At the time of writing, crypto exchanges and brokers in Belarus are restricted to HTP residents. This ensures that these platforms adhere to local regulations and contribute to developing a controlled market.
The government believes that the ban will help prevent the outflow of stolen funds from the country through cryptocurrency exchanges.
While the decree does not directly prohibit trading on foreign platforms, it effectively bans peer-to-peer transactions within Belarus.

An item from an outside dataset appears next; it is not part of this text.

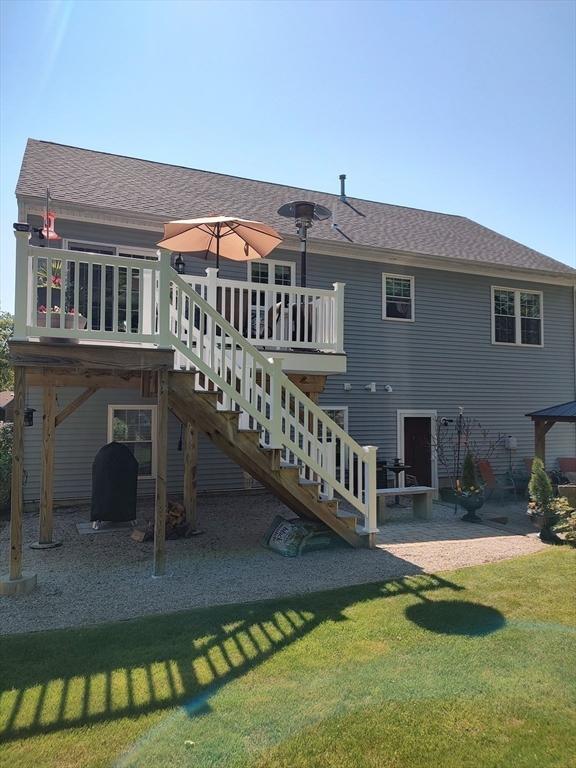 back of house featuring a lawn, a wooden deck, a patio, and stairway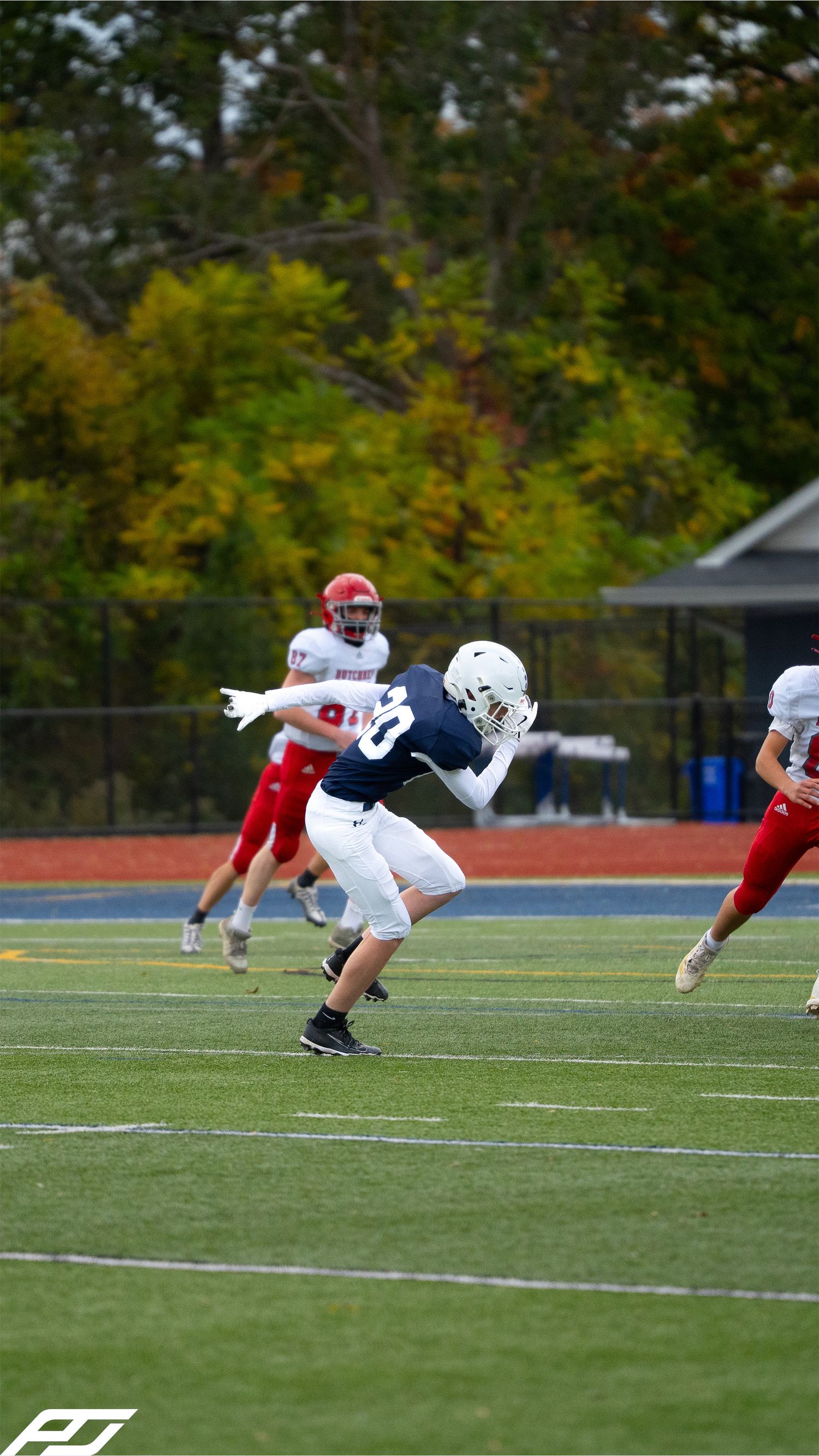 Youth football player in navy uniform number 10 runs a route on turf against red-jersyed defenders.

Despite the new restrictions, the ban is unlikely to significantly impact the Belarusian crypto market, as most activities are already concentrated within the HTP. However, the decree clearly demonstrates the government’s intention to crack down on unregulated cryptocurrency trading.
As Belarus tightens its grip on the cryptocurrency market, all eyes are on Russia, its closest ally, to see if it will follow suit.
The two nations have long shared a special relationship, with Belarus often serving as a testing ground for Russian economic and regulatory policies. It’s possible Moscow could take a page out of Minsk’s playbook.
However, the Kremlin has been gradually embracing the crypto industry, with reports emerging that the country is testing national crypto exchanges and cross-border settlements in crypto.
It’s unlikely that Russia will impose such a ban now.
Experts argue that a ban would be detrimental to Russia’s economy, especially in the current geopolitical climate.
Mikhail Uspensky, a member of the Expert Council for Legislative Regulation, noted that prohibiting the acquisition of foreign digital assets would be a “suicidal move” for Russia’s foreign economic activity.
However, Uspensky’s comments stand in stark contrast to a recent warning from Russia’s Central Bank, which recently sounded the alarm on the dangers of crypto.
The Bank argued that a surge in digital currencies could undermine the stability of the already beleaguered Ruble, potentially eroding the use of national currencies.
The warning from the Bank comes despite it overseeing Russia’s crypto trails.